▶ [YOUR TASK] Exact transcription of the data below is required, without the images.

▶ [DATA SHOWN]
▬▬▬▬▬▬
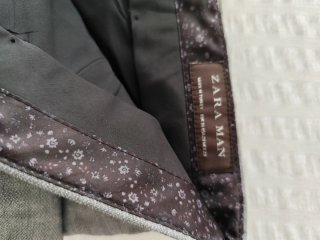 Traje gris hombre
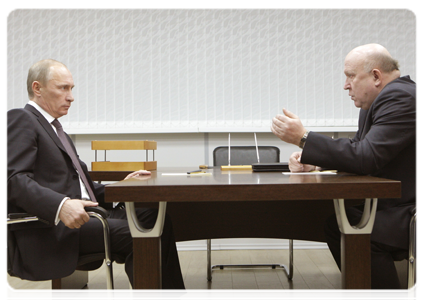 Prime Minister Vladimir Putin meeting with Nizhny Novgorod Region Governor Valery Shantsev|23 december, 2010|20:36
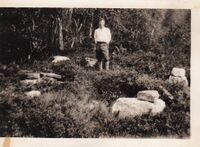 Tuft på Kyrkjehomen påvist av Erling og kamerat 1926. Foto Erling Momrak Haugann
▬▬▬▬▬▬
▶ [YOUR RESPONSE]
 Traje gris hombre
 Prime Minister Vladimir Putin meeting with Nizhny Novgorod Region Governor Valery Shantsev|23 december, 2010|20:36
 Tuft på Kyrkjehomen påvist av Erling og kamerat 1926. Foto Erling Momrak Haugann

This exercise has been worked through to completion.